For the treatment and maintenance of postprandial blood glucose increases (i.e., diabetes mellitus), alpha (α)-amylase is a well-known therapeutic target. In this paper, we report an initial exploration of the work, i.e., in vitro alpha-amylase activity of the hydroalcoholic polyherbal extract of the selected plants. After drying, the plant material is ground individually, and at least 100 gm of the crude powder is prepared from each plant. 100 gm of each plant was combined, and a total of 500 gm of the crude powder (Ichnocarpus frutescens (100 gm) + Ficus dalhousie (100 gm) + Crateva magna (100 gm) + Alpinia galangal (100 gm) + Swertia chirata (100 gm)) was prepared to carry out the extraction. This obtained extract was subjected to preliminary phytochemical screening and in vitro alpha-amylase activity. At 16 mg/mL, acarbose displayed 78.40 ± 0.36% inhibition, whereas the extract exhibited 72.96 ± 0.70% inhibition, which is significantly comparable.
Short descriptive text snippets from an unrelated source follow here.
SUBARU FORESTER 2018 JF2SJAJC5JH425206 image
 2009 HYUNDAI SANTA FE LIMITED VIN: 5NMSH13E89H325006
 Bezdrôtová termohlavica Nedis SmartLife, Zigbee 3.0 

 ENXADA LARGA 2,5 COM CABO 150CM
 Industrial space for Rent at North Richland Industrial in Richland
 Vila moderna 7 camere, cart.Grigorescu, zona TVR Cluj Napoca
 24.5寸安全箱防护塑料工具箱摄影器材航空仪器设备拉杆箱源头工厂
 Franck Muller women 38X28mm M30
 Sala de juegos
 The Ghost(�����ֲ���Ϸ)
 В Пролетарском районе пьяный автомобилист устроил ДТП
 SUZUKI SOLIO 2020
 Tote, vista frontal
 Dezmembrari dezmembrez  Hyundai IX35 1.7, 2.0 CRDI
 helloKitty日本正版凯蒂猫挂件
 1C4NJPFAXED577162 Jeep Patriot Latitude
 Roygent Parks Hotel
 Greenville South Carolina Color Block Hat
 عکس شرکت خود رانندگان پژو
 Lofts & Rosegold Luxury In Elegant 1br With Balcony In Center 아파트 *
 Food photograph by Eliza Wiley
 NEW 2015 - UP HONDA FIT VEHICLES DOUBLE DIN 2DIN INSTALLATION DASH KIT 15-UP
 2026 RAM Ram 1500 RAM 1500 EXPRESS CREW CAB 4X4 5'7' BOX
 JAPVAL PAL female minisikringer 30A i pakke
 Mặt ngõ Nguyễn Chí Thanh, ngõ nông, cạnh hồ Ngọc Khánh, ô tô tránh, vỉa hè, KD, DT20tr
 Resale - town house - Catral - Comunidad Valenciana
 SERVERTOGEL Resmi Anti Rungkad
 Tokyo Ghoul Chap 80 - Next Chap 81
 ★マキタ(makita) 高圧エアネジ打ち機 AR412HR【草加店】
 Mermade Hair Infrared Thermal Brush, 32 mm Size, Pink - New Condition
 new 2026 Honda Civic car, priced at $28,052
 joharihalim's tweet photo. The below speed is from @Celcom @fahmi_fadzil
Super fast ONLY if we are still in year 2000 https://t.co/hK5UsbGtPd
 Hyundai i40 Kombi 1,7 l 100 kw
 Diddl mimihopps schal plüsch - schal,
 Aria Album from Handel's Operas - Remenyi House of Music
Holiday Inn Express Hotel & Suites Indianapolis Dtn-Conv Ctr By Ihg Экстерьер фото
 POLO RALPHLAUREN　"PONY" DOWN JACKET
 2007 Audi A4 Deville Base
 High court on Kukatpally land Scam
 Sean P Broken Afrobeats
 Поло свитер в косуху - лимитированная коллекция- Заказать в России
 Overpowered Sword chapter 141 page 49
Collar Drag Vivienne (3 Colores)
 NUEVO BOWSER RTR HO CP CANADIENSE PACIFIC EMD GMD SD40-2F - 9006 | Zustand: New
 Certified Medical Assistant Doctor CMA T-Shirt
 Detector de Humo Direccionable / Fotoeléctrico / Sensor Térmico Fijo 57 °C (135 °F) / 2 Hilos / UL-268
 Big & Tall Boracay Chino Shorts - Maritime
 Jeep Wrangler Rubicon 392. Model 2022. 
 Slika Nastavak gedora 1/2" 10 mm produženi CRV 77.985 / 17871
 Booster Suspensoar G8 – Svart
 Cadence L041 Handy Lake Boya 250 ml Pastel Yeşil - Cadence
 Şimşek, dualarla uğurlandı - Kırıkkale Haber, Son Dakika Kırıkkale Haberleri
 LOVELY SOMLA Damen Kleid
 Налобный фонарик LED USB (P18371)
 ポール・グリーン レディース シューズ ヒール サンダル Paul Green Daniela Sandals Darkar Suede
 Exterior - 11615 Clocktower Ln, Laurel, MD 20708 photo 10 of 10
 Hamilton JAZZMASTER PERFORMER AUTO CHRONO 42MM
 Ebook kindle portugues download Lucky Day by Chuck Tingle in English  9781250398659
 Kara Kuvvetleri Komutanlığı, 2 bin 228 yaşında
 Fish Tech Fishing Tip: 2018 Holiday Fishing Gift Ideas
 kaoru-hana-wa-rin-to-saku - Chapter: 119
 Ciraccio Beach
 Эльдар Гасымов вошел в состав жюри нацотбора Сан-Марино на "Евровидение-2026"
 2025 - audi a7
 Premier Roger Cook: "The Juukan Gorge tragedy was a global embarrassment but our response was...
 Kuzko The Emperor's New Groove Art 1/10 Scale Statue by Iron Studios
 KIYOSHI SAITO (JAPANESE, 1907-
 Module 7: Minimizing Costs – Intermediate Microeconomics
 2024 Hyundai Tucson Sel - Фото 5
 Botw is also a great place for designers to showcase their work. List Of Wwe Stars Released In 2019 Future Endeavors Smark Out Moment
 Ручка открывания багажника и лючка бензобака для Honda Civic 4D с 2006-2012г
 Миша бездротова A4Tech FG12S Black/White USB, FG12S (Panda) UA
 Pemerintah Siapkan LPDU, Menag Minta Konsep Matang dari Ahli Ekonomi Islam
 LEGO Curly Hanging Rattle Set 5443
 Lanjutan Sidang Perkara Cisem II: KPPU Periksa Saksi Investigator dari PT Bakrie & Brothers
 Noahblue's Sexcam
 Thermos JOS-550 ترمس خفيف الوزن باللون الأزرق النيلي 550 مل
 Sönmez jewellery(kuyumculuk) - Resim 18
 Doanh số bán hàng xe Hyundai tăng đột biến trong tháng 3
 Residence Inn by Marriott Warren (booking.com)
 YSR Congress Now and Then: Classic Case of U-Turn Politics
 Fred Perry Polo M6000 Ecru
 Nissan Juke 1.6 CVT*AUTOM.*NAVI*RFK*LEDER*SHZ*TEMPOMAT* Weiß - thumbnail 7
The IC50 value of acarbose was 12.9 ± 1.12, whereas the extract exhibited 13.31 ± 1.12 mg/mL. The extract possesses numerous classes of chemicals such as alkaloids, glycosides, tannins, polyphenols, and terpenoids, which can contribute to the antidiabetic activity through alpha-amylase inhibition. This was an initial exploration of the work as a proof of concept for the development of polyherbal tea bag formulation for the treatment of diabetes. In the future, we are aiming to investigate the effectiveness of polyherbal tea bags in the treatment of diabetes using more in vitro and in vivo models. From the present investigation, we have concluded that this extract can be used for the treatment of diabetes.